2. Ascertaining the differences between the prior art and the claims at issue.
3. Resolving the level of ordinary skill in the pertinent art.
4. Considering objective evidence present in the application indicating obviousness or nonobviousness.
7. This application currently names joint inventors. In considering patentability of the claims the examiner presumes that the subject matter of the various claims was commonly owned as of the effective filing date of the claimed invention(s) absent any evidence to the contrary. Applicant is advised of the obligation under 37 CFR 1.56 to point out the inventor and effective filing dates of each claim that was not commonly owned as of the effective filing date of the later invention in order for the examiner to consider the applicability of 35 U.S.C. 102(b)(2)(C) for any potential 35 U.S.C. 102(a)(2) prior art against the later invention.
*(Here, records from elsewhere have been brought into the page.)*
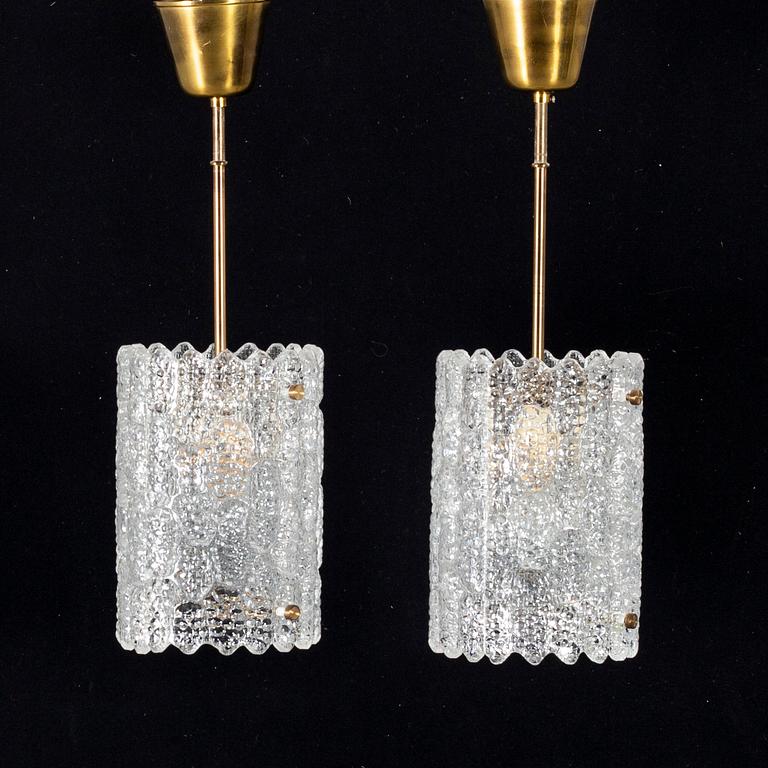 A pair of 20th century brass and glass ceiling lamps by Carl Fagerlund for Orrefors.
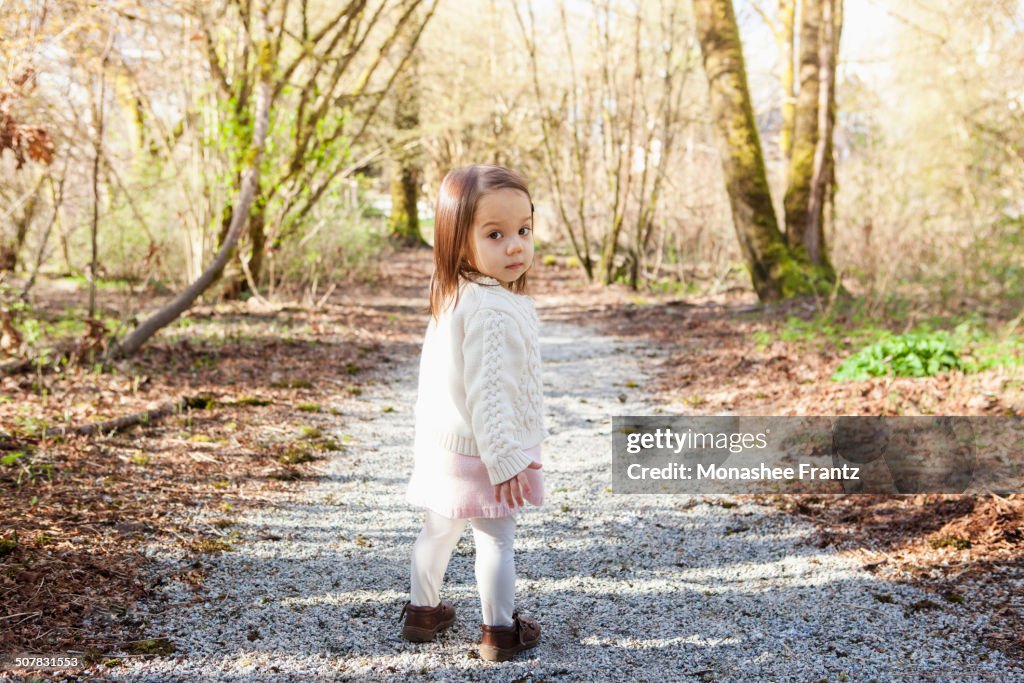 Baby girl walking on gravel path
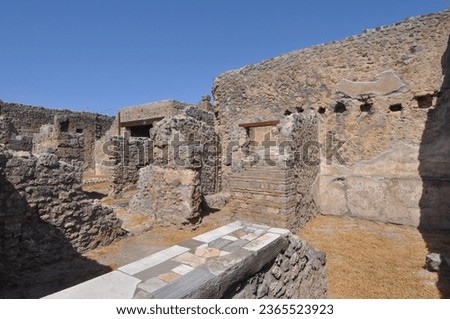 Ruins of the archeological site in the ancient Roman city of Pompeii buried under volcanic ash in the eruption of Mount Vesuvius volcano in 79 AD in Pompeii, Italy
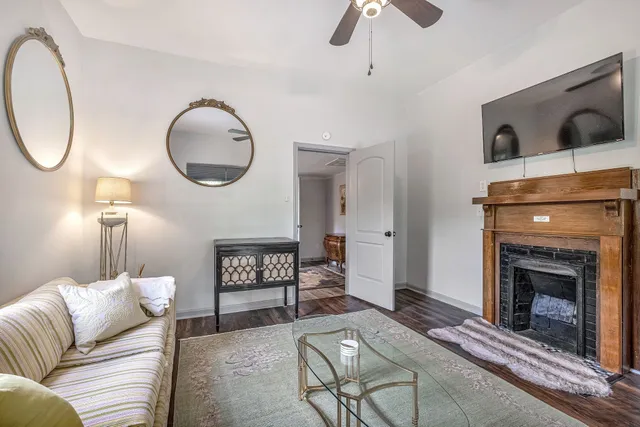 a living room with furniture and a window
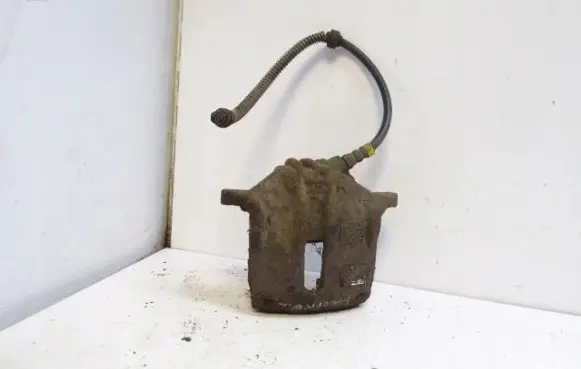 Peugeot Partner Front brake caliper 1617292080
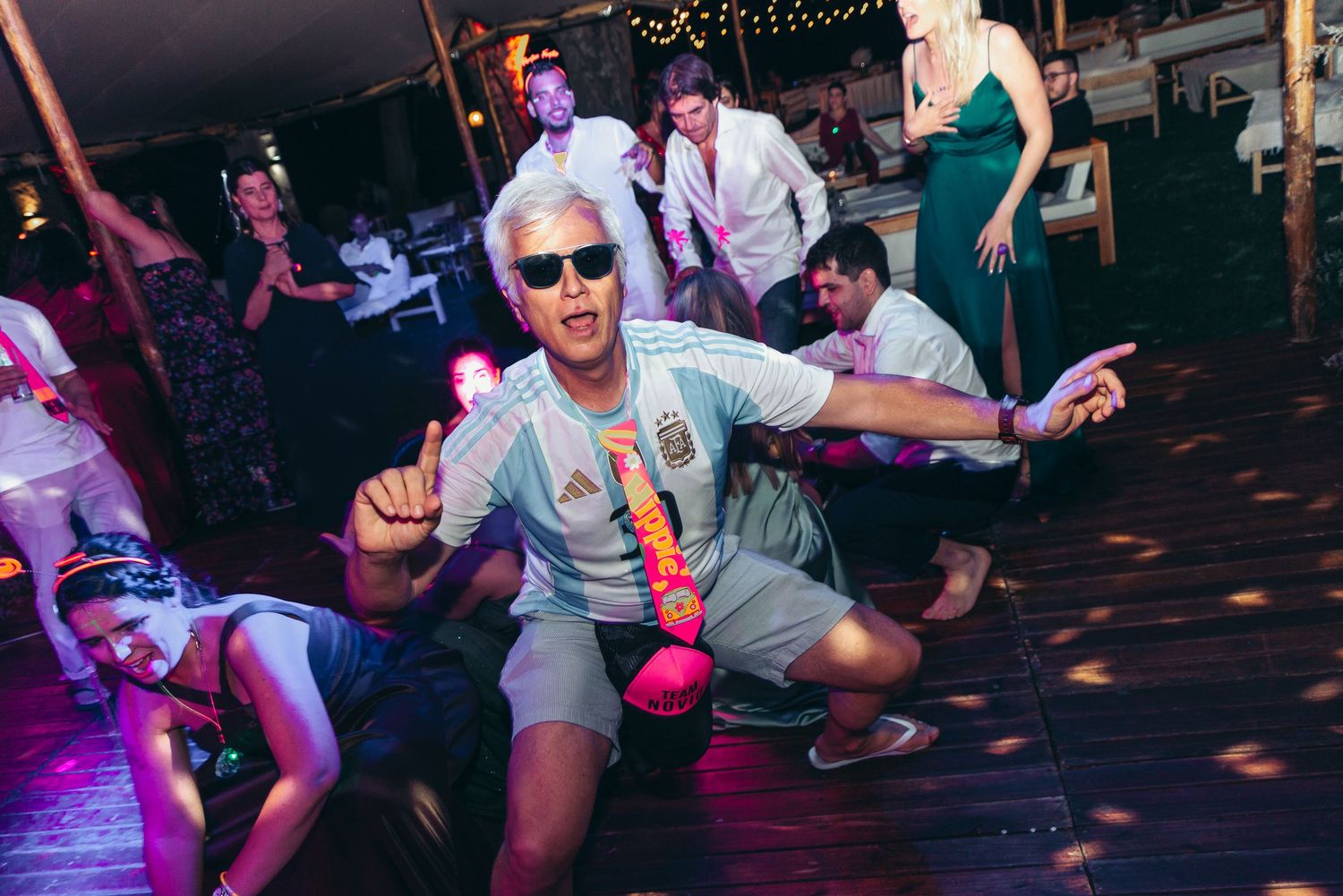 Party guests dance energetically on a wooden dance floor illuminated by colorful lights at an outdoor celebration.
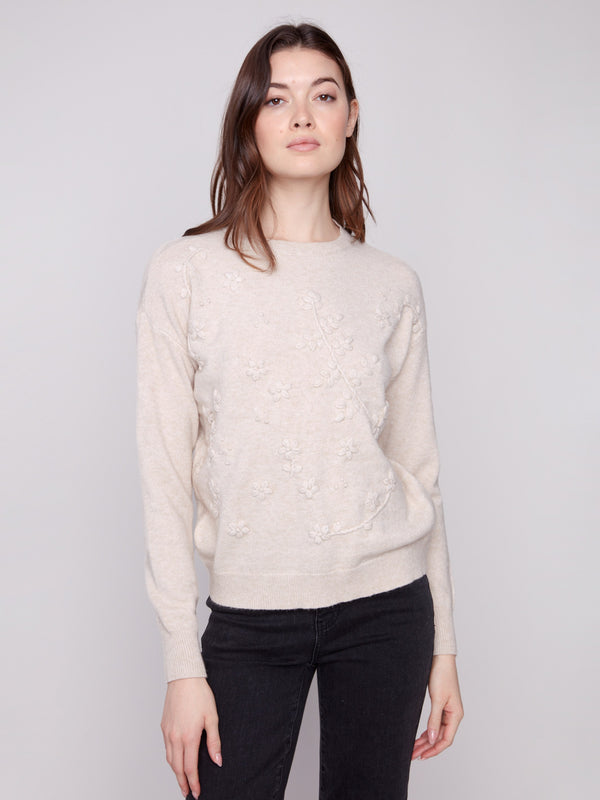 Heather oat sweater with a classic crew neckline and intricate embroidery detailing for an elegant touch by Charlie B.
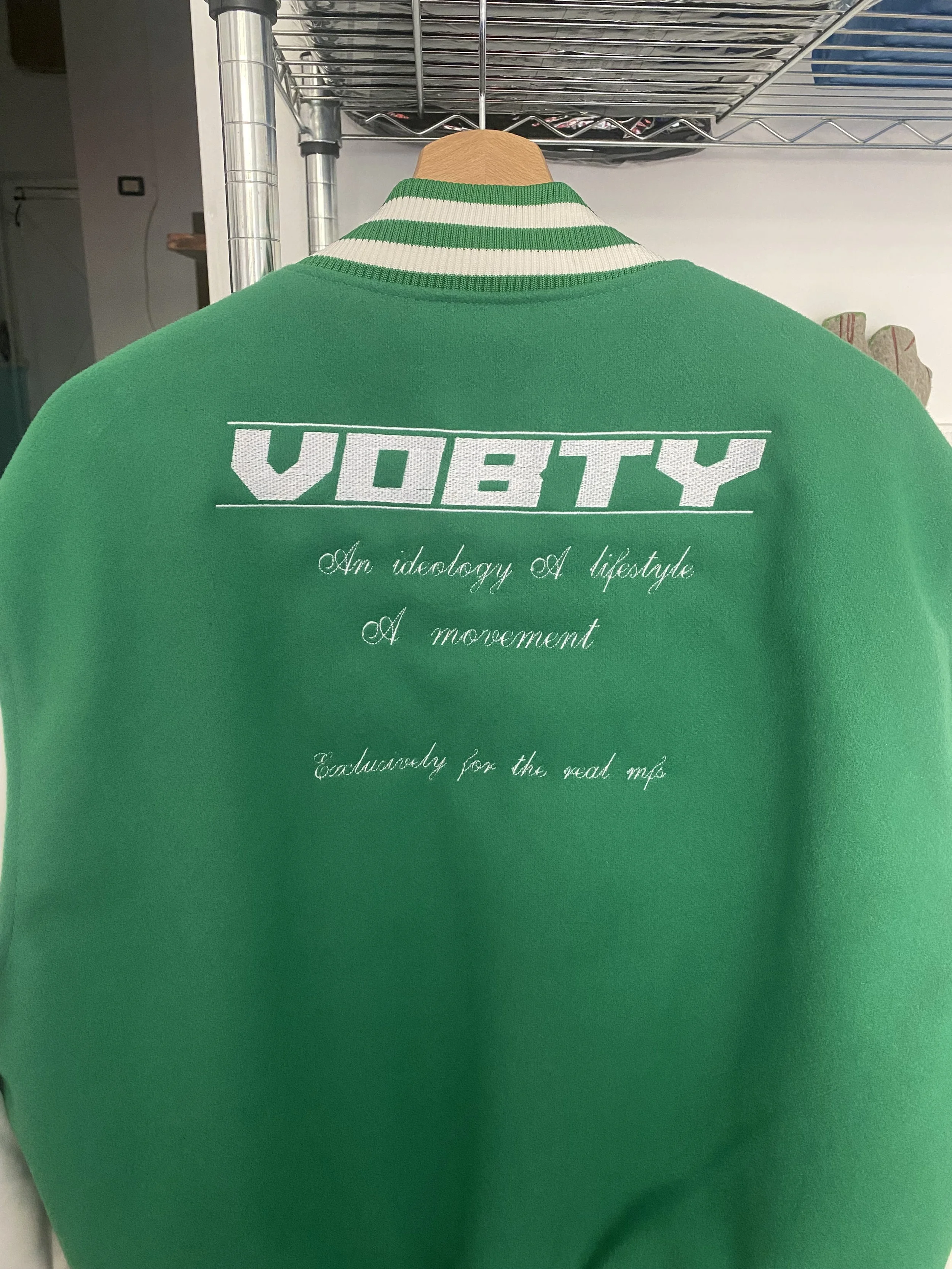 Una felpa verde con scritte apparecchiate. Il testo include la parola 'VOBTY' e una frase in corsivo che dice 'An ideology of lifestyle, A movement, Exclusively for the real me'.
8. Claims 1, 6, 7, 9, 11, 16 and 19 are rejected under 35 U.S.C. 103 as being unpatentable over Guchhait et al. (U.S. Publication 2023/0031963) (Guchhait hereinafter) and Waldspurger et al. (U.S. Patent 7,945,908) (Waldspurger hereinafter) in view of Yablokov (U.S. Patent 8,631,492) (Yablokov hereinafter) and Ji et al. (U.S. Patent 8,667,500) (Ji hereinafter).
9. As per claim 1, Guchhait teaches a method, comprising:
predicting for a future time period, by one or more processors using a model trained with historical timer interrupt data, a count of a number of delays in occurrences of a timer interrupt scheduled for a virtual processor of a virtual machine executing an application [“As illustrated in FIG. 6, in accordance with an embodiment, during each run, the system enables an analysis of various available counters and choice of an appropriate set of counters to monitor. By collecting data from such counters and monitoring performance degradation, a predictive model is built using machine learning techniques … The score provides a measure or otherwise determines, for example a percentage drop in performance, each of the virtual machines placed on the hypervisor socket will potentially experience,” ¶ 0078;; percentage drop in performance mapped to count of the number of delays; “the system generates a score value that provides a predicted measure of performance drop which affected virtual machines may experience at a particular point in time, due to activity of neighboring virtual machines on one or more sockets of the hypervisor,” ¶ 0116].
Guchhait does not explicitly disclose but Waldspurger discloses comparing, by the one or more processors, the predicted count of the number of delays with a threshold established for the time period [“the system will implement some existing policy for dealing with backlogged interrupts. This policy may simply be “null.” that is, no policy at all, which means that accumulated interrupts are simply ignored, that is, dropped. In other cases, some software mechanism (such as the body of code 315) is included to implement a delivery policy of shortening the period between timer interrupts. By way of example only, it is assumed here that such an existing catch-up mechanism is included; the invention works just as well where the policy is to drop accumulated interrupts,” col. 8, lines 47 – 56; backlogged interrupts associated with late timer interrupts; “When the number of pending catch-up interrupts exceeds some threshold, they may therefore simply be dropped,” col. 11, lines 46 – 47].
It would have been obvious to one of ordinary skill in the art, having the teachings of Guchhait and Waldspurger available before the effective filing date of the claimed invention, to modify the capability of performance estimation of virtual machine execution as disclosed by Guchhait to include the capability of improving the timing of virtual machine execution as taught by Waldspurger, thereby providing a mechanism to enhance system efficiency by identifying potential future degradations associated with system resources.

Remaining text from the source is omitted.